**About this task:**
Find, in the records below, the line that contains "So first thing" and the line that contains "This video presents". Copy those two lines and everything between them exactly, but not the pictures.

**Provided records:**
---

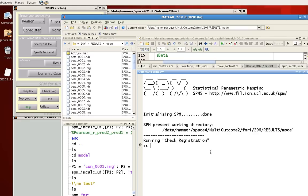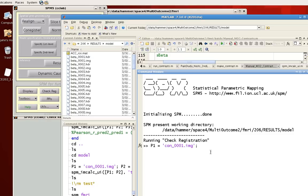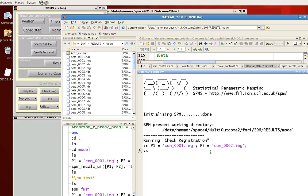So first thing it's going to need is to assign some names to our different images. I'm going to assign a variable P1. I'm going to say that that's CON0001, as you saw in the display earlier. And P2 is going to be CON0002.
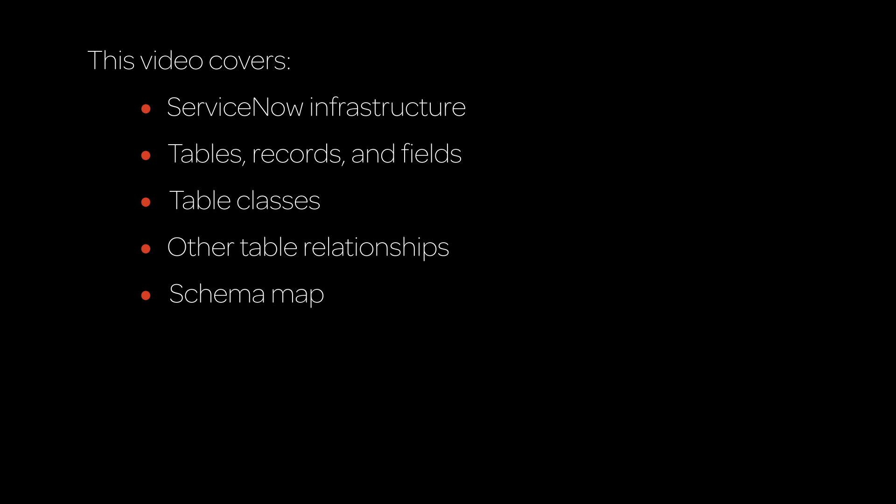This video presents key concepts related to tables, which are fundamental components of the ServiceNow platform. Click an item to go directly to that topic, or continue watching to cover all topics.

---

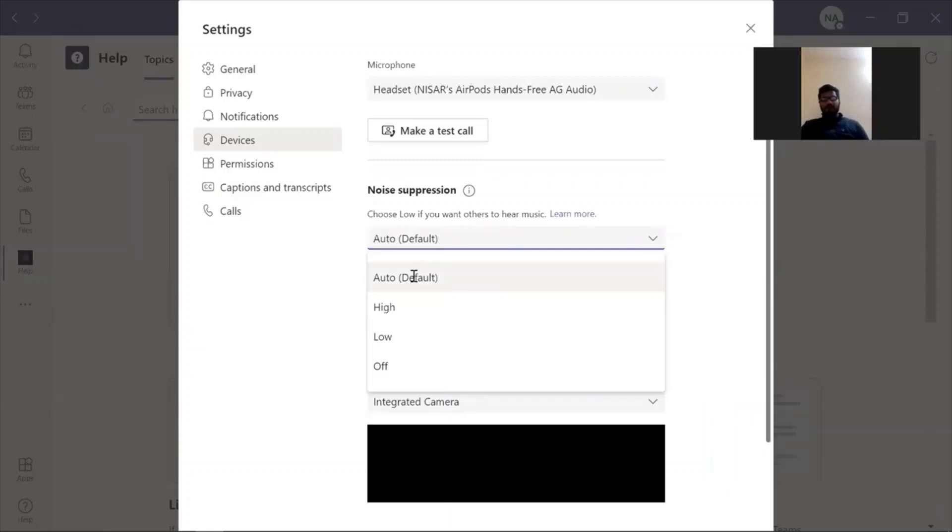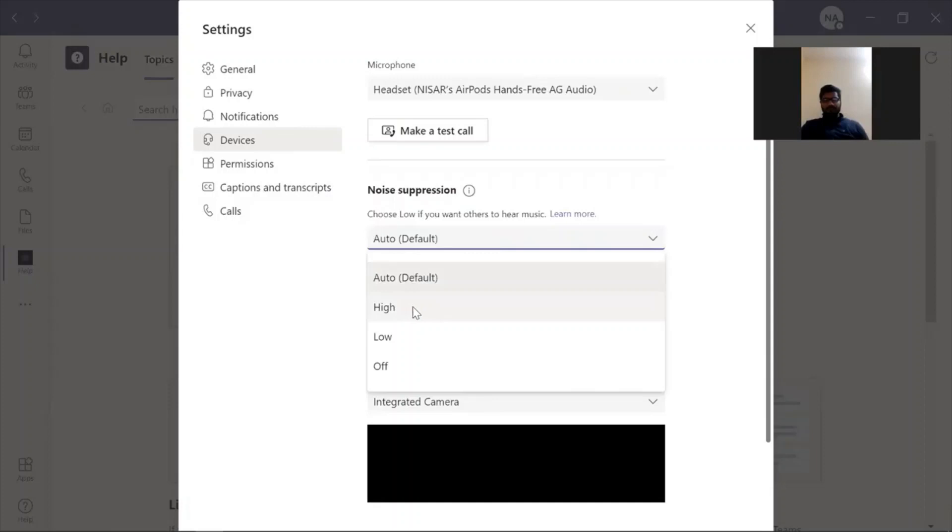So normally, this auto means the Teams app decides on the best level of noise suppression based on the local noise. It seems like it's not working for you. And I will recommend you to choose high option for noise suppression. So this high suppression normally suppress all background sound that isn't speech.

---

**Exercise output:**
So first thing it's going to need is to assign some names to our different images. I'm going to assign a variable P1. I'm going to say that that's CON0001, as you saw in the display earlier. And P2 is going to be CON0002.
This video presents key concepts related to tables, which are fundamental components of the ServiceNow platform. Click an item to go directly to that topic, or continue watching to cover all topics.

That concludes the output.